Task data ▸
☆ ☆ ☆ ☆ ☆

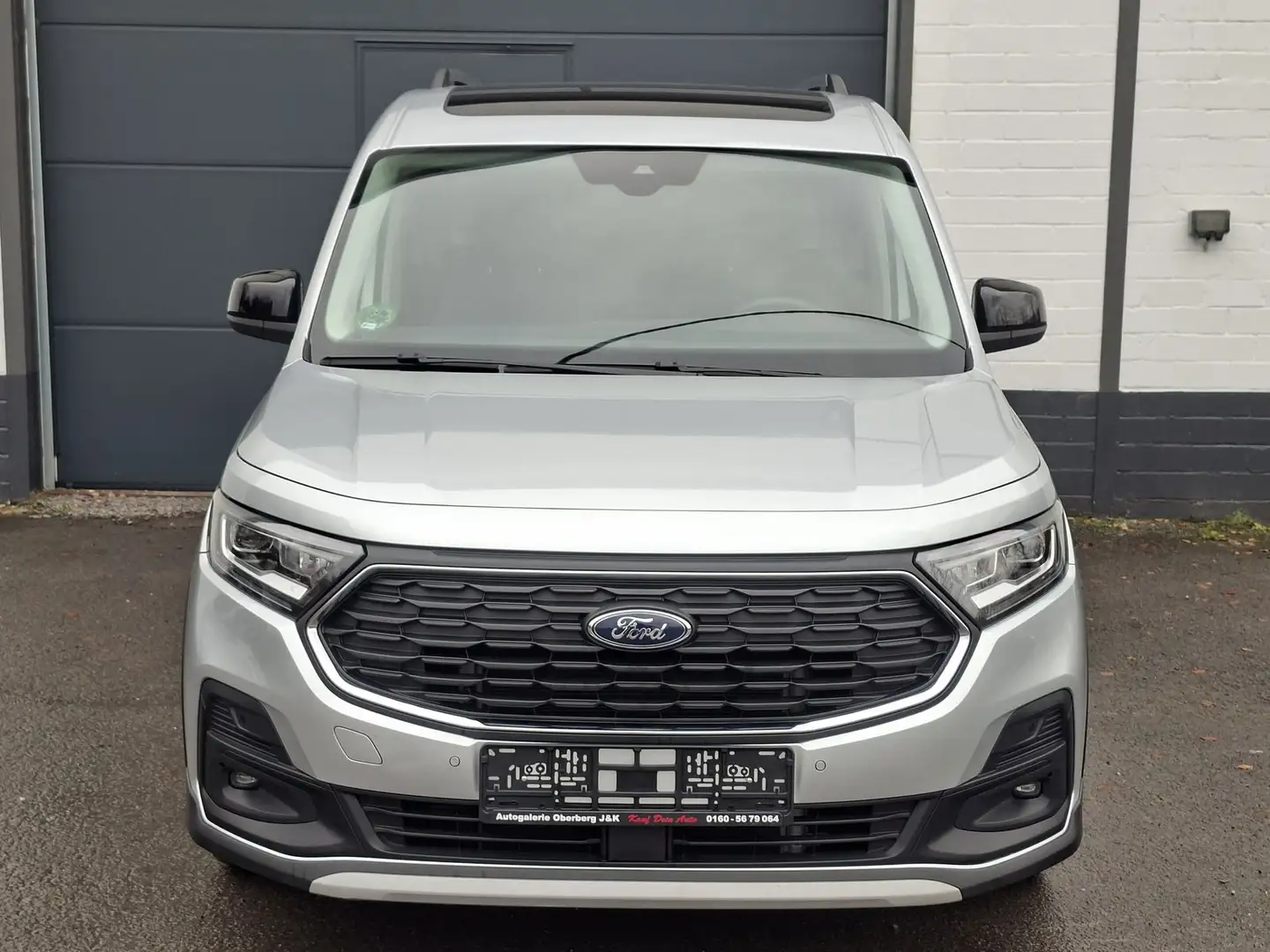 Ford Grand Tourneo Active L2 LED PANO ACC SHZ AHK 7Si Silber - 2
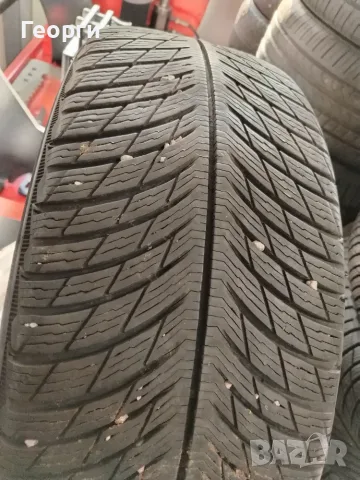 4бр.зимни гуми 235/50/19 Michelin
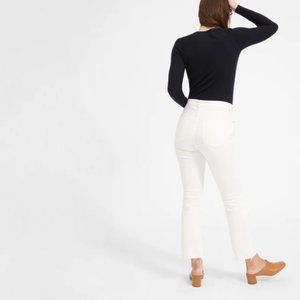 Everlane Kick Crop Denim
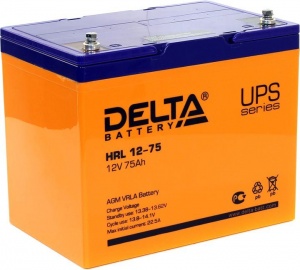 Delta HRL 12-75 X Delta HRL 12-75 X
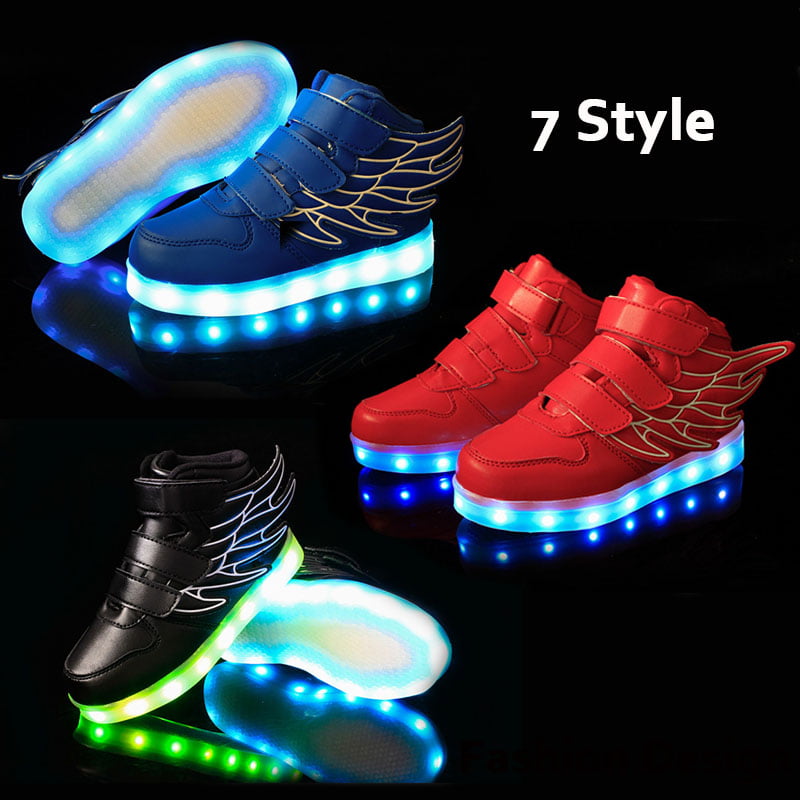 LED Sneakers (Barn) iswag.se rea 2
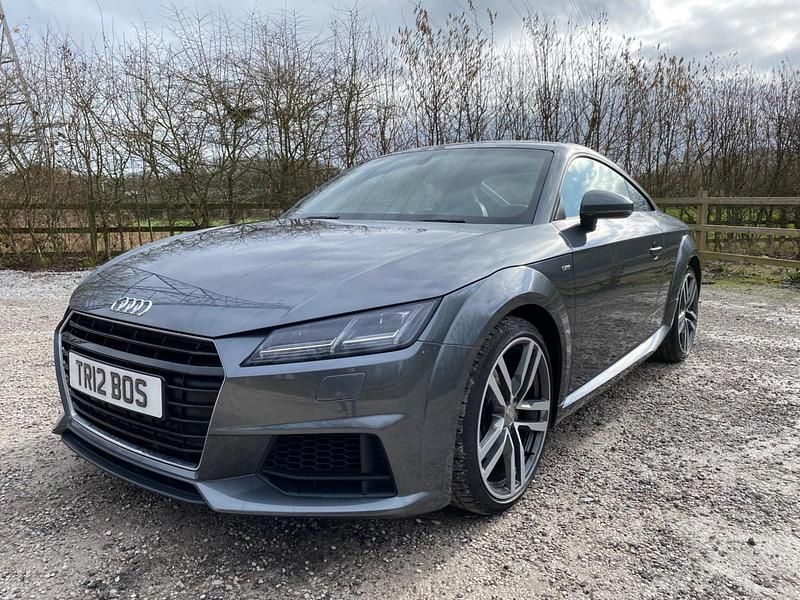 Used Audi TT S-Line 180 HP (132 kW) 2016 Grey Coupe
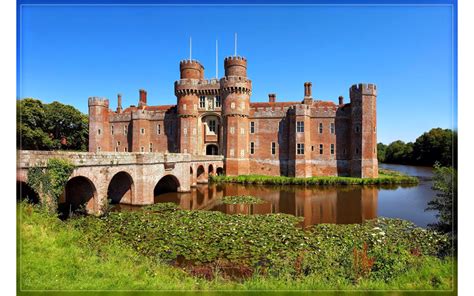 Herstmonceux Castle Info | East Sussex, England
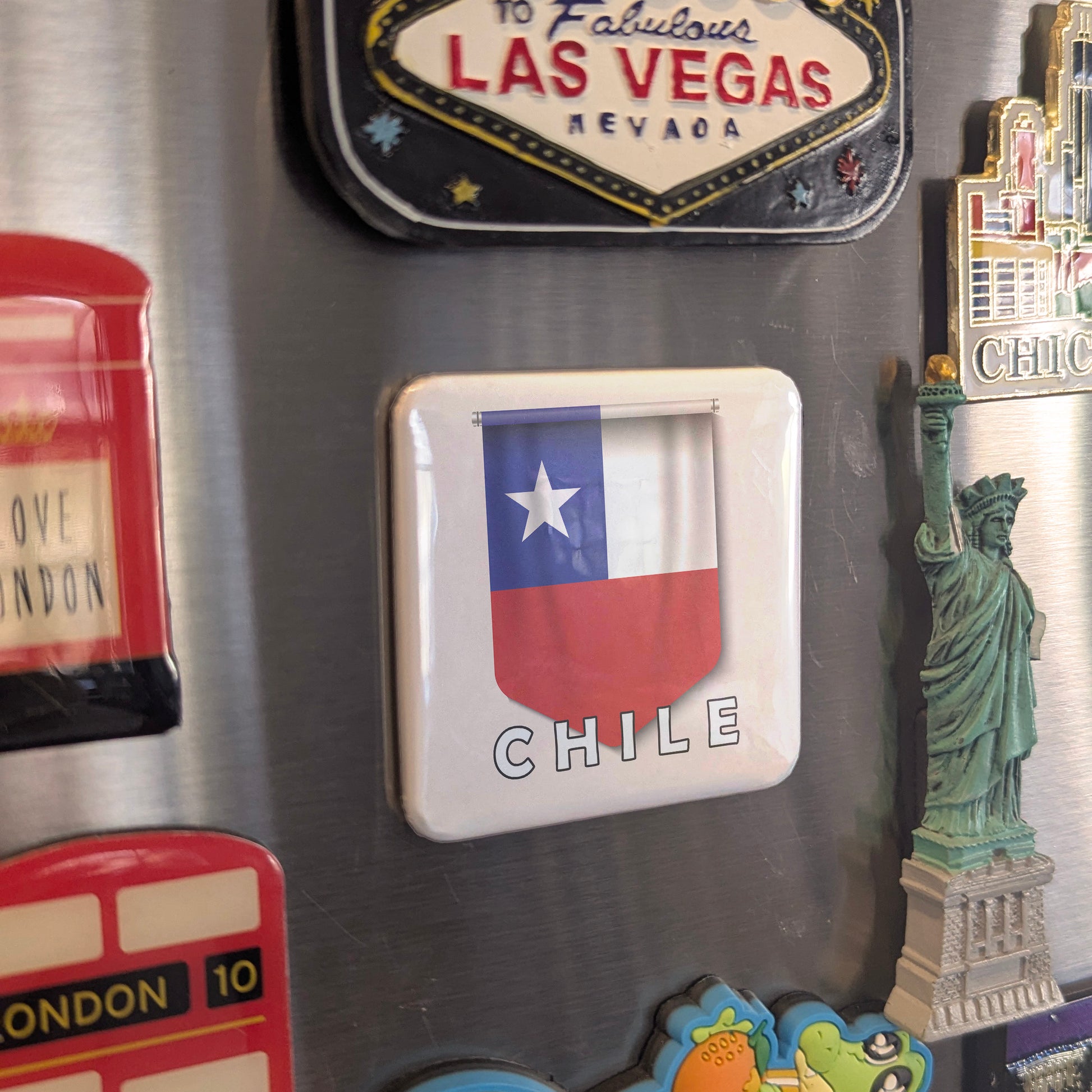 Chile Fridge Magnet - PhiloPerse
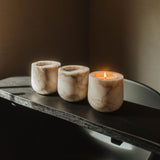 Calacatta Gold Marble Refillable Vessel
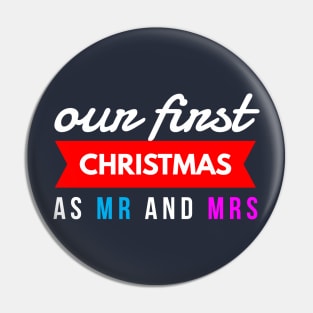 our first CHRISTMAS as mr and mrs Pin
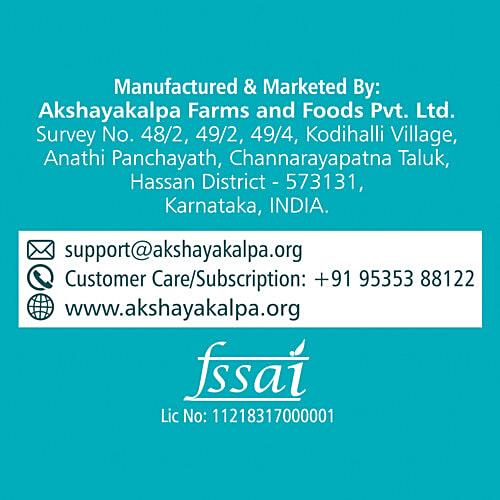 Akshayakalpa Organic Table Butter - Salted, 100 g  Pasteurized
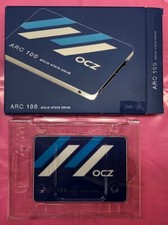 Unidade de Estado Sólido OCZ Arc 100 Series 240GB SATA 2.5" [ARC100-25SAT3-240G] comprar usado  Enviando para Brazil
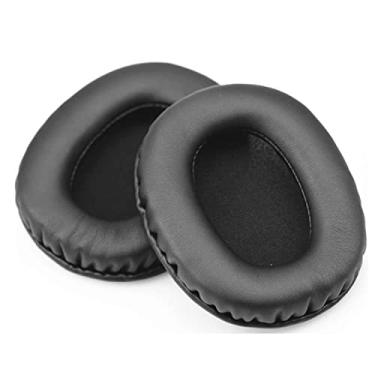 Imagem de Almofada de orelha de substituição para fones de ouvido de 1 par, compatível com Edifier W800BT G1 G2 G20 almofadas de ouvido para fones de ouvido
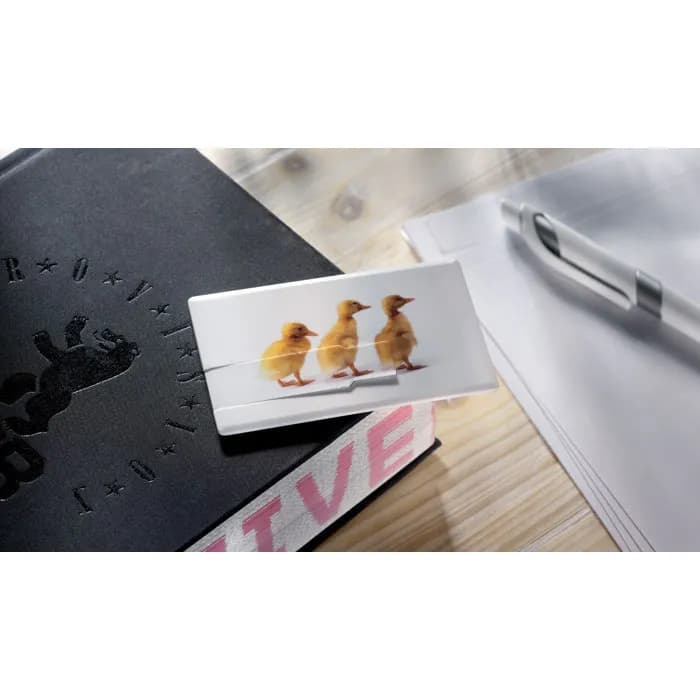 Creditcard. USB flash 16GB - MEMORAMA - Weiß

☆ ☆ ☆ ☆ ☆

Each line of the records is to be reproduced exactly, and each picture dropped.

 Ford Grand Tourneo Active L2 LED PANO ACC SHZ AHK 7Si Silber - 2
 4бр.зимни гуми 235/50/19 Michelin
 Everlane Kick Crop Denim
 Delta HRL 12-75 X Delta HRL 12-75 X
 LED Sneakers (Barn) iswag.se rea 2
 Used Audi TT S-Line 180 HP (132 kW) 2016 Grey Coupe
 Herstmonceux Castle Info | East Sussex, England
 Chile Fridge Magnet - PhiloPerse
 Calacatta Gold Marble Refillable Vessel
 our first CHRISTMAS as mr and mrs Pin
 Akshayakalpa Organic Table Butter - Salted, 100 g  Pasteurized
 Unidade de Estado Sólido OCZ Arc 100 Series 240GB SATA 2.5" [ARC100-25SAT3-240G] comprar usado  Enviando para Brazil
 Imagem de Almofada de orelha de substituição para fones de ouvido de 1 par, compatível com Edifier W800BT G1 G2 G20 almofadas de ouvido para fones de ouvido
 Creditcard. USB flash 16GB - MEMORAMA - Weiß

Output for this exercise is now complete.